Ze liepen door naar de leerlingenkamer. Harry zei de hele weg niets.

Toen ze in de leerlingenkamer aankwamen werd Sarah de stilte beu.

'Harry, denk je dat hij ons straf gaat geven?'

'Waarschijnlijk.' Hij liep naar de trap van de jongensslaapzaal.
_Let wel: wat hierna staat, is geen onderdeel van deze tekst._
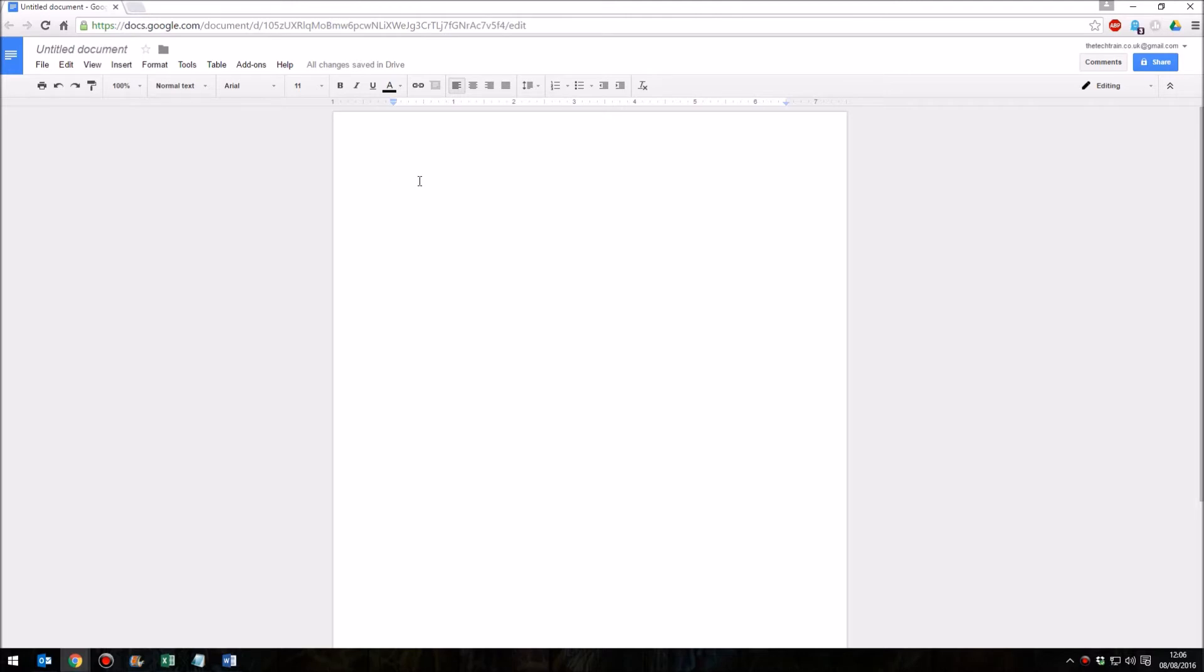I'm going to be covering a number of different tools showing how you can do some of the things in Google Docs that those of you like me who have come from the Microsoft Suite background are used to being able to do.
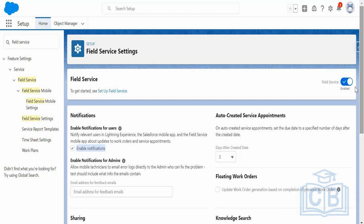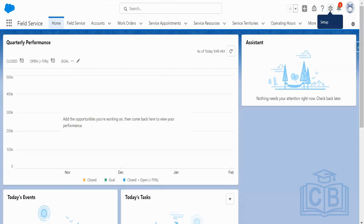Question: When you installed this in your developer edition, is this a standard developer edition where you only have one or two licenses, or are there ways to get a different environment? Answer: It is a standard developer installation with two licenses — system admin licenses. Based on that, I have created the assignment. It is actually standard development.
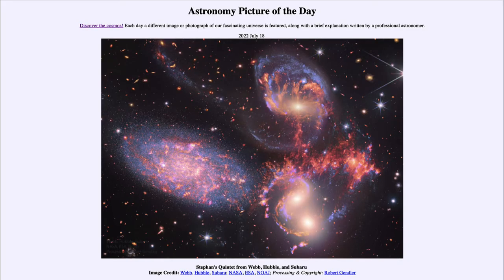Greetings and welcome to Introduction to Astronomy. One of the things I like to do in each of my introductory astronomy classes is to begin the class with the Astronomy Picture of the Day from the NASA website, which is apod.nasa.gov/apod.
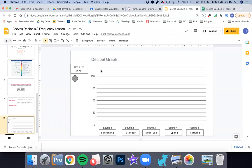Hi friends. I'm just going to give you some directions on how to fill out this decibel graph that we're going to do.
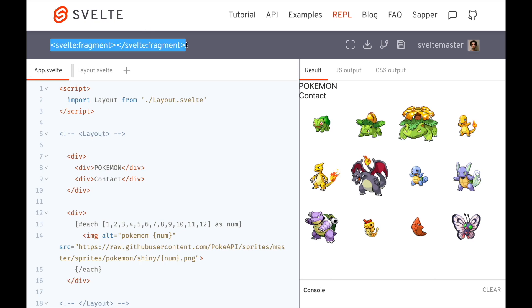Hi there. So in this video, we are going to talk about Svelte Fragment, and this is fairly new. It's been added in one of the more recent versions of Svelte, and basically what it lets you do is put stuff into a named slot without having to use a div.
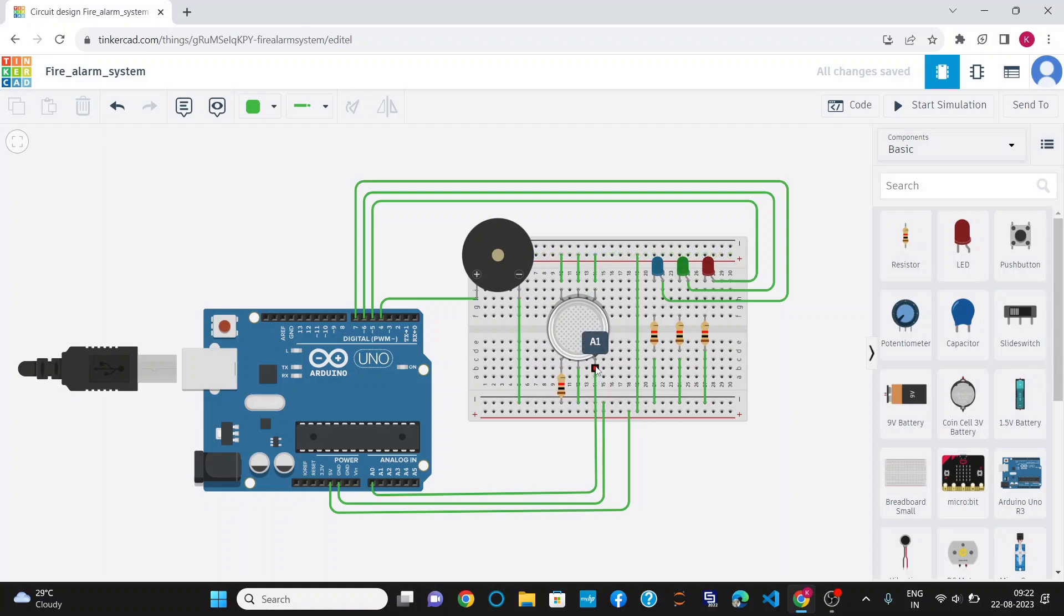This is A1. It is connected to the analog input A0 and it collects the gas value from the environment.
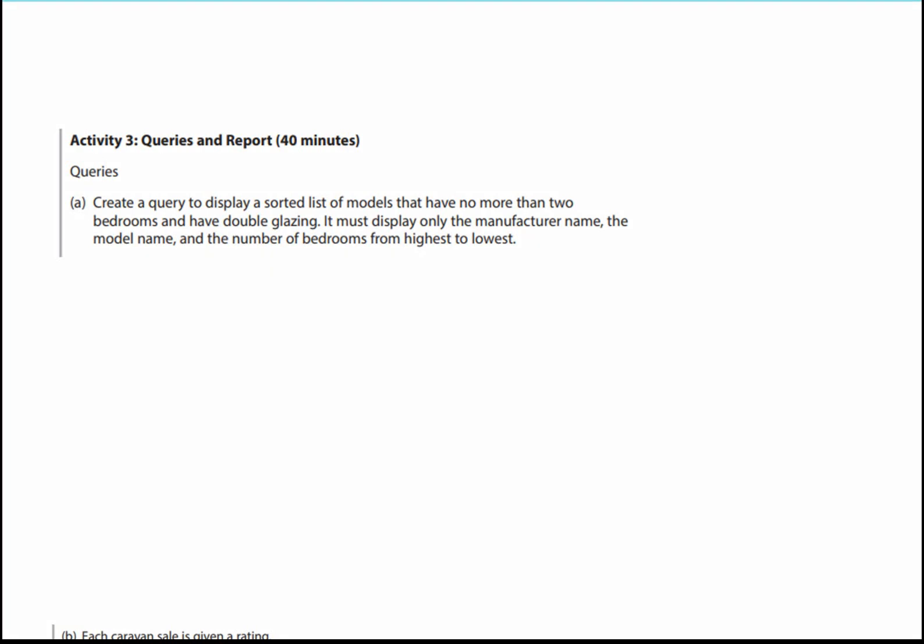This is the fourth video in the Caravan Park Database, Unit 2, Create a System to Manage Information. In this video we're going to look at the queries.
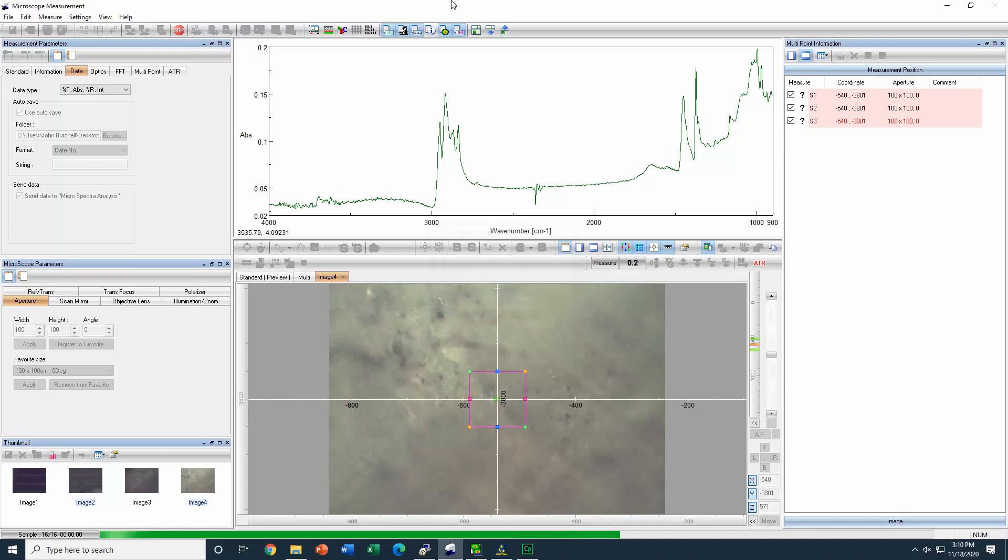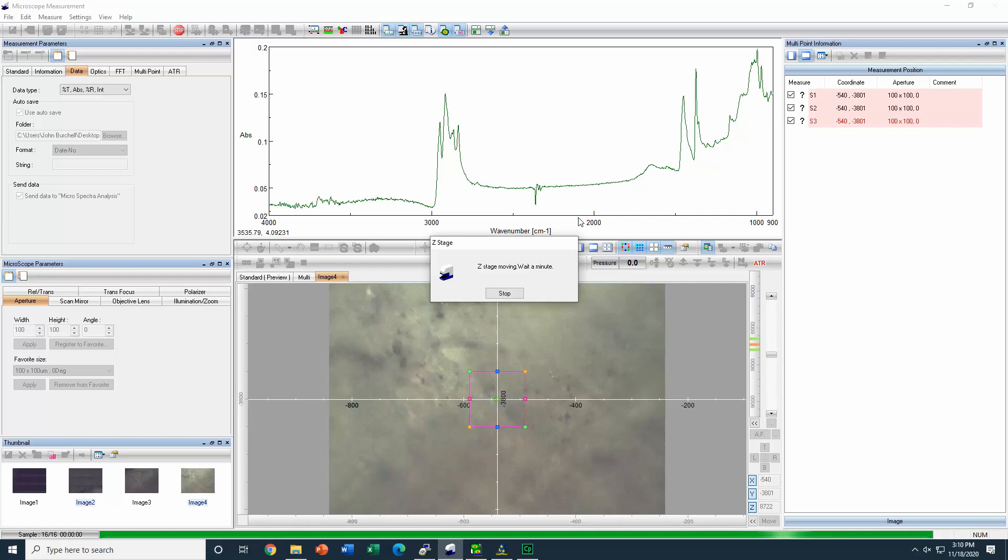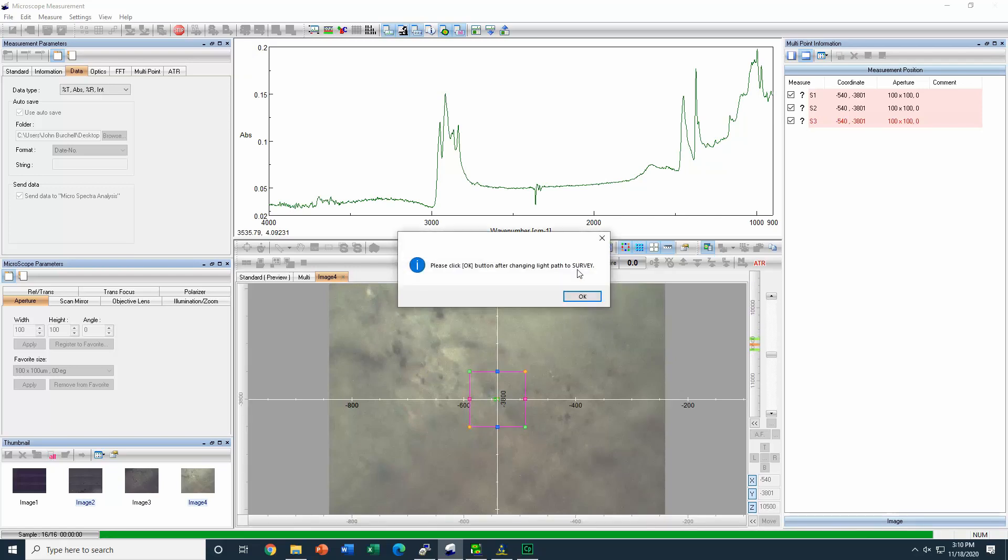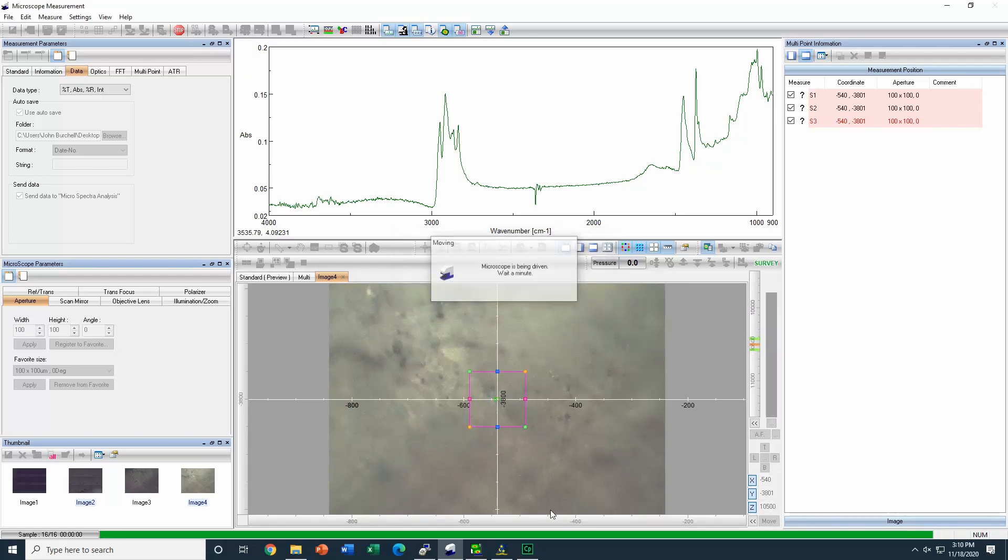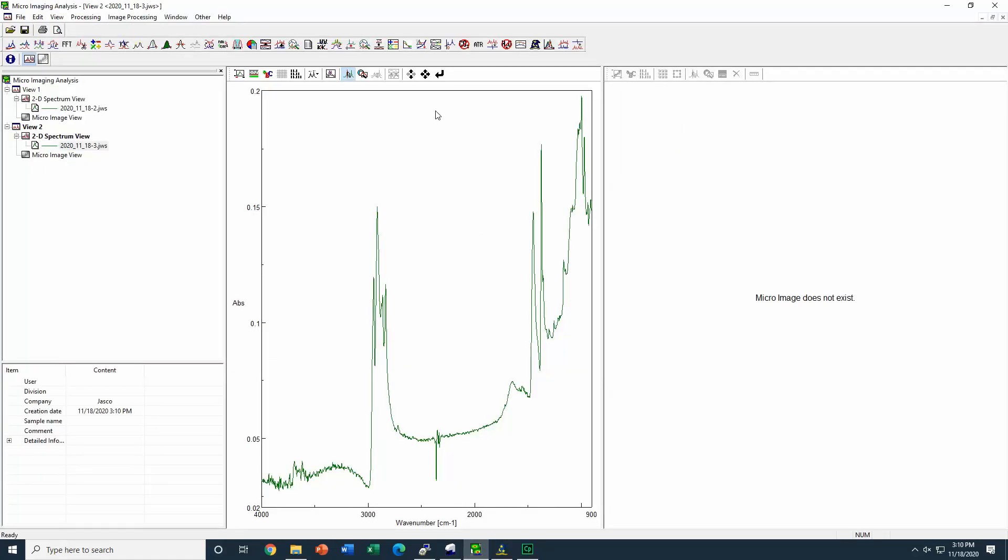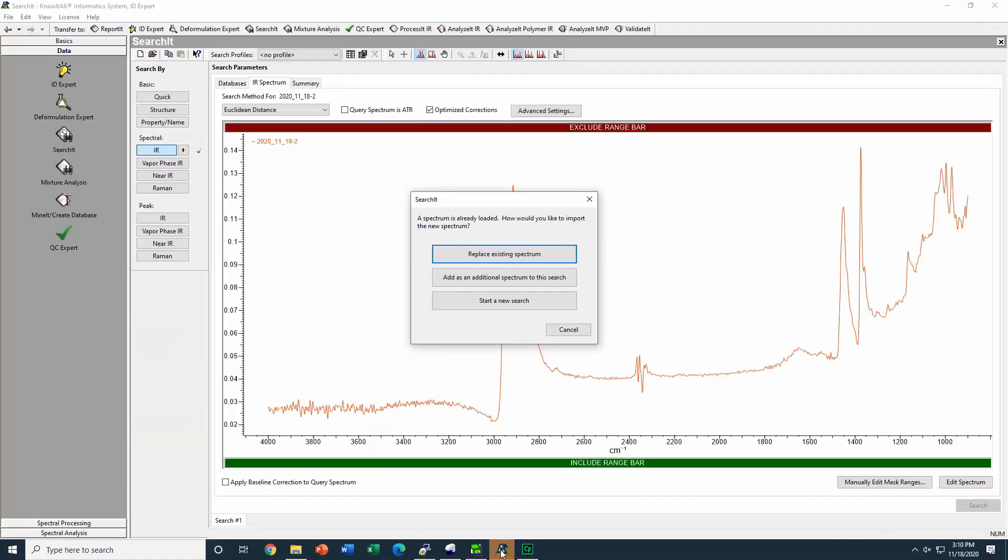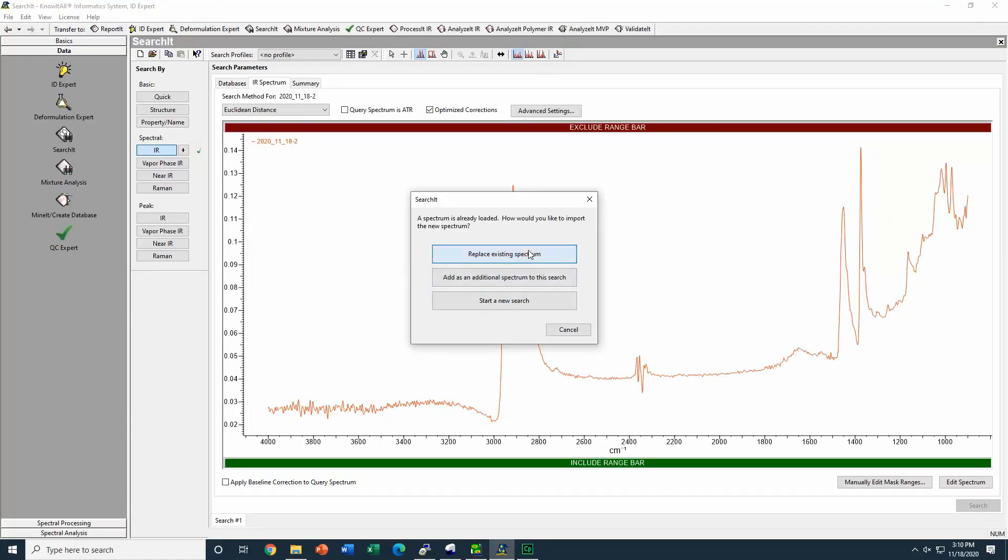In this measurement, we are using an aperture of 100 µm by 100 µm. As with any other FTIR measurement, we collect the background first, and then when the sample is in contact with the ATR crystal, we do the measurement.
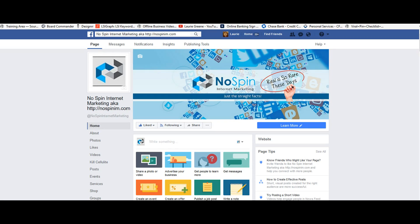Hi, it's Laurie. I wanted to tell you to stop watching those cat videos and pay attention. I want to show you something real quick here. This is the Facebook page that you are probably on - my No Spin Internet Marketing page.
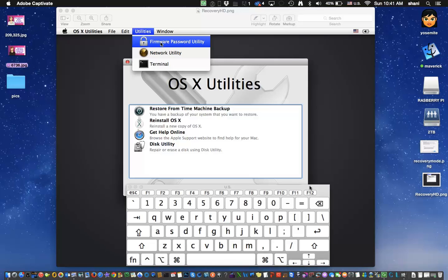Hi everyone, in today's video I'm going to show you how to securely erase your Mac. Now a lot of people assume that if you reinstall the operating system, you're actually erasing your computer and all the files on it, but that's not really the case.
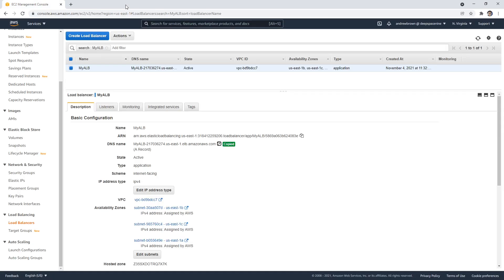And so if you had a Route 53 domain, like your domain managed by AWS, you just point to the load balancer, and that's how you hook it up. So that's pretty much it. So yeah, there you go.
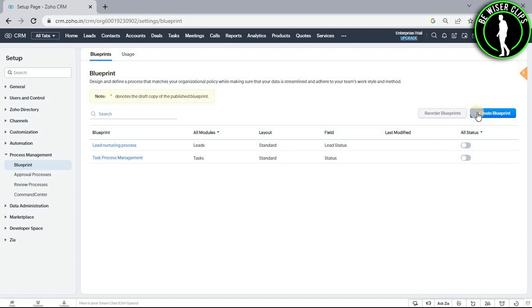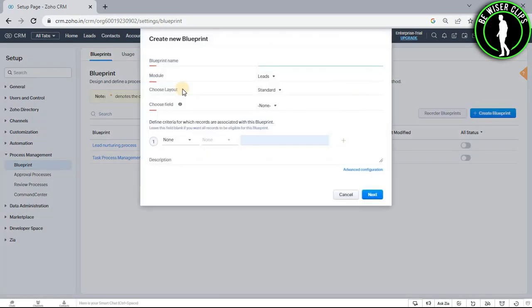Now select the button called Create Blueprint and fill up these details. After that, click on the button called Next.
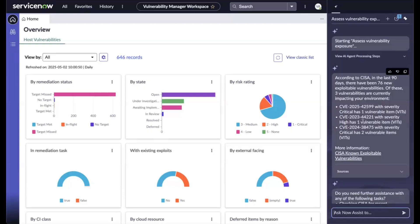With that information, one particular CVE catches my eye. This CVE has a critical risk rating and also has two bits associated with it.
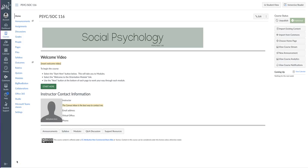I have created this OER for social psychology for instructors to adopt and adapt based on their teaching style. The course was designed using the California Virtual Campus Online Education Initiative design rubric.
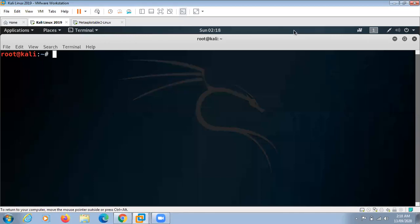In my previous video I demonstrated penetration testing on Windows machine. In this video I'm going to demonstrate penetration testing on Metasploitable 2 Linux.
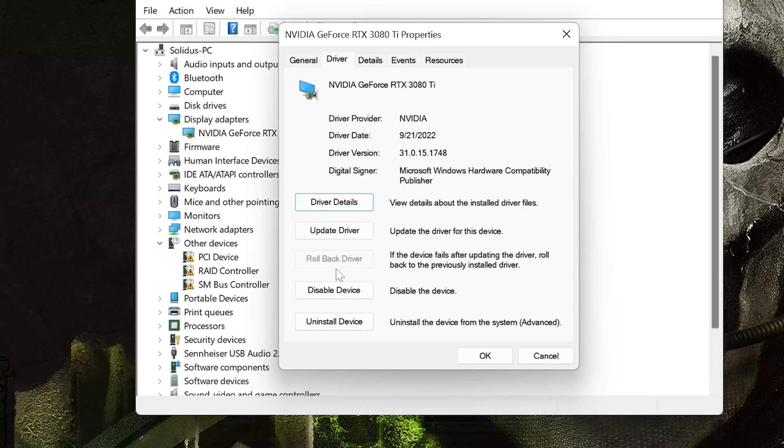Now press the roll back driver option and then restart. If you are not able to roll back your display drivers.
'Harry, is er iets?' Harry draaide zich om.

'Waarom denk je dat?'

'Nou, je geeft me geen kus en je zegt niet eens slaapwel. Ben je nog steeds boos op me?'

'Nee, ik ben boos op mezelf.'

'Wat?'

'Anderling had gelijk. Je loopt gevaar en ik had je niet…'

'Mogen mee vragen naar de kamer van Hoge Nood?'

'Ja. Hoe kon ik nu zo stom geweest zijn?' Verweet Harry zichzelf.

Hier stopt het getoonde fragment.